The prohibition against treaties, alliances, and confederations makes a
part of the existing articles of Union; and for reasons which need no
explanation, is copied into the new Constitution. The prohibition of
letters of marque is another part of the old system, but is somewhat
extended in the new. According to the former, letters of marque could be
granted by the States after a declaration of war; according to the
latter, these licenses must be obtained, as well during war as previous
to its declaration, from the government of the United States. This
alteration is fully justified by the advantage of uniformity in all
points which relate to foreign powers; and of immediate responsibility
to the nation in all those for whose conduct the nation itself is to be
responsible.
The right of coining money, which is here taken from the States, was
left in their hands by the Confederation, as a concurrent right with
that of Congress, under an exception in favor of the exclusive right of
Congress to regulate the alloy and value. In this instance, also, the
new provision is an improvement on the old. Whilst the alloy and value
depended on the general authority, a right of coinage in the particular
States could have no other effect than to multiply expensive mints and
diversify the forms and weights of the circulating pieces. The latter
inconveniency defeats one purpose for which the power was originally
submitted to the federal head; and as far as the former might prevent an
inconvenient remittance of gold and silver to the central mint for
recoinage, the end can be as well attained by local mints established
under the general authority.
The extension of the prohibition to bills of credit must give pleasure
to every citizen, in proportion to his love of justice and his knowledge
of the true springs of public prosperity. The loss which America has
sustained since the peace, from the pestilent effects of paper money on
the necessary confidence between man and man, on the necessary
confidence in the public councils, on the industry and morals of the
people, and on the character of republican government, constitutes an
enormous debt against the States chargeable with this unadvised measure,
which must long remain unsatisfied; or rather an accumulation of guilt,
which can be expiated no otherwise than by a voluntary sacrifice on the
altar of justice, of the power which has been the instrument of it. In
addition to these persuasive considerations, it may be observed, that
the same reasons which show the necessity of denying to the States the
power of regulating coin, prove with equal force that they ought not to
be at liberty to substitute a paper medium in the place of coin. Had
every State a right to regulate the value of its coin, there might be as
many different currencies as States, and thus the intercourse among them
would be impeded; retrospective alterations in its value might be made,
and thus the citizens of other States be injured, and animosities be
kindled among the States themselves. The subjects of foreign powers
might suffer from the same cause, and hence the Union be discredited and
embroiled by the indiscretion of a single member. No one of these
mischiefs is less incident to a power in the States to emit paper money,
than to coin gold or silver. The power to make any thing but gold and
silver a tender in payment of debts, is withdrawn from the States, on
the same principle with that of issuing a paper currency.

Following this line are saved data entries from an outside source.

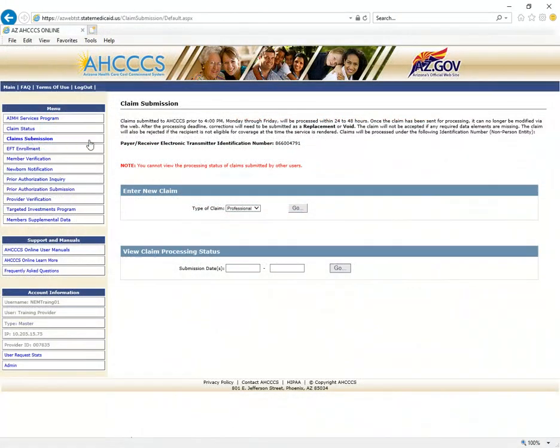Click on the down arrow button in the drop-down menu located in the center of the page. You will now see three claim options: Professional, Institutional, and Dental. These are equivalent to submitting paper claims. For this demonstration, we will be submitting a professional claim for a non-emergency medical transportation provider.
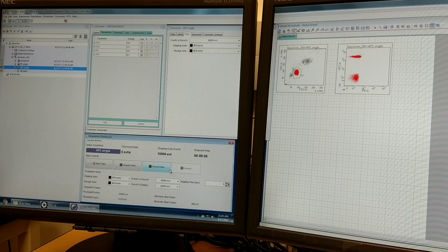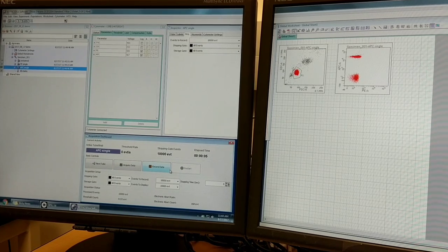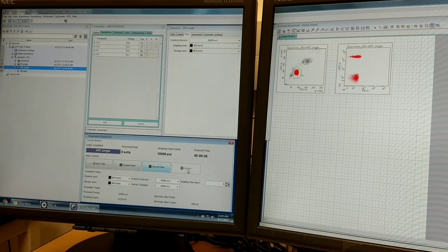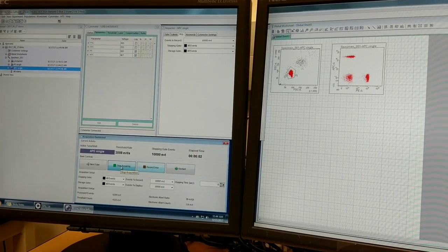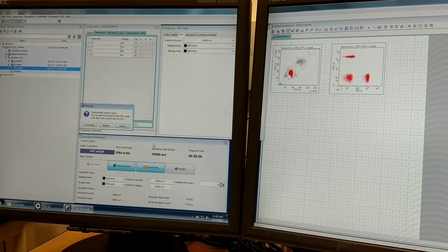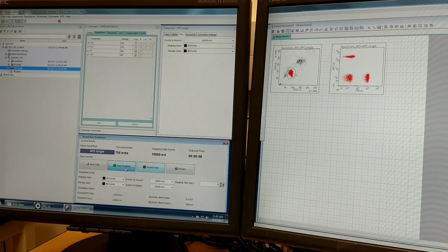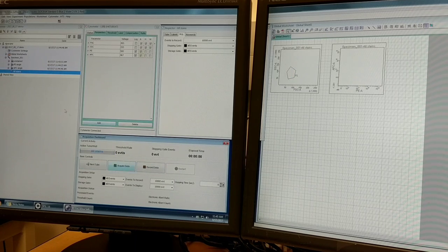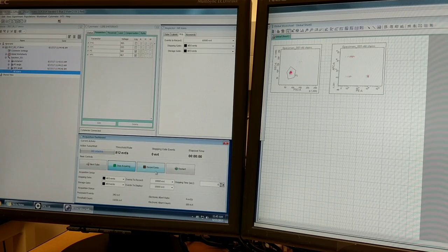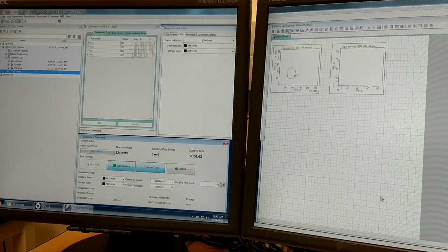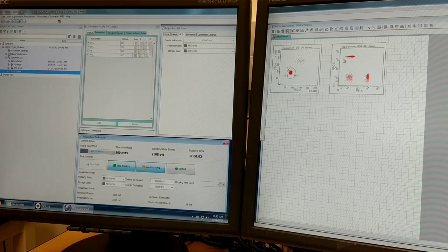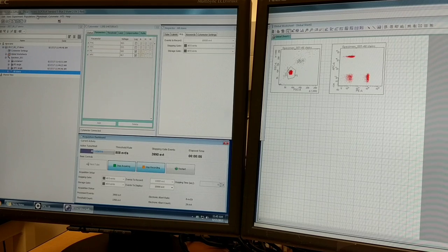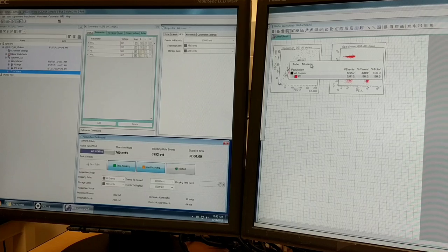And lastly, I'm going to record the tube that has all our stains in it. I'm going to cancel that because I've forgotten to hit next tube. Make sure you have the correct tube highlighted. I'm going to acquire and record.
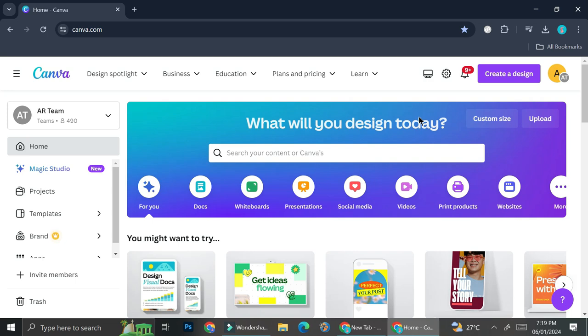I am going to be using Canva Pro account but you can totally just use a Canva free account because the most important step on creating a flipbook is going to be the ending step and I'm going to show you later on in the video.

Bills of attainder, ex post facto laws, and laws impairing the
obligation of contracts, are contrary to the first principles of the
social compact, and to every principle of sound legislation. The two
former are expressly prohibited by the declarations prefixed to some of
the State constitutions, and all of them are prohibited by the spirit
and scope of these fundamental charters. Our own experience has taught
us, nevertheless, that additional fences against these dangers ought not
to be omitted. Very properly, therefore, have the convention added this
constitutional bulwark in favor of personal security and private rights;
and I am much deceived if they have not, in so doing, as faithfully
consulted the genuine sentiments as the undoubted interests of their
constituents. The sober people of America are weary of the fluctuating
policy which has directed the public councils. They have seen with
regret and indignation that sudden changes and legislative
interferences, in cases affecting personal rights, become jobs in the
hands of enterprising and influential speculators, and snares to the
more-industrious and lessinformed part of the community. They have seen,
too, that one legislative interference is but the first link of a long
chain of repetitions, every subsequent interference being naturally
produced by the effects of the preceding. They very rightly infer,
therefore, that some thorough reform is wanting, which will banish
speculations on public measures, inspire a general prudence and
industry, and give a regular course to the business of society. The
prohibition with respect to titles of nobility is copied from the
articles of Confederation and needs no comment.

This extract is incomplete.